[Saved data entries]
***
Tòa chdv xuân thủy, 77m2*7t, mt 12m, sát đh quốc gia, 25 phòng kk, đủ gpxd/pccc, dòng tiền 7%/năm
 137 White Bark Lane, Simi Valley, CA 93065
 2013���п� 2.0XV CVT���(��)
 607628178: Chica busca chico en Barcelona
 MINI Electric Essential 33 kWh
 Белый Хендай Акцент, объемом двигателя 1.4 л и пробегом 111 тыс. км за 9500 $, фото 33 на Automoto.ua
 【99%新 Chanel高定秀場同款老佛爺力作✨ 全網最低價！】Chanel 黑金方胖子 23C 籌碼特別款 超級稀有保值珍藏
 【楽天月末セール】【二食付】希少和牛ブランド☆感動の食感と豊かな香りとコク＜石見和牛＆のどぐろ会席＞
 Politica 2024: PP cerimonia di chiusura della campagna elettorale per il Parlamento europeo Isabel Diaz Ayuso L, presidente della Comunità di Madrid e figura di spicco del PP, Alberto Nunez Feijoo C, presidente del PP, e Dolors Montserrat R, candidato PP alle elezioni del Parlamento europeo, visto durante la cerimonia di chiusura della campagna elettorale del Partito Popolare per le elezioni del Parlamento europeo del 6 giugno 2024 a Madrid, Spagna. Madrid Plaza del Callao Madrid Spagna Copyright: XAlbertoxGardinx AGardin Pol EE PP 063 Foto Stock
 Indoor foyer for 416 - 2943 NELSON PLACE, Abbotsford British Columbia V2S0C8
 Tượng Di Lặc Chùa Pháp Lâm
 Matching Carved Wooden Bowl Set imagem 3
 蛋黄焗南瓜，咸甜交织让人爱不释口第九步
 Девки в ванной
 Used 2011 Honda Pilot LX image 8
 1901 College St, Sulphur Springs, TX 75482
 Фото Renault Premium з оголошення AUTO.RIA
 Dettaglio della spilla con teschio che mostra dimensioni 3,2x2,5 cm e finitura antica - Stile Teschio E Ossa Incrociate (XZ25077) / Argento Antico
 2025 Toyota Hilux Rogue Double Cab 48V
***
**TASK DETAILS:**
Within these records, how many lines include the word "della"? The reply should be that number alone.

**EXERCISE ANSWER:**
2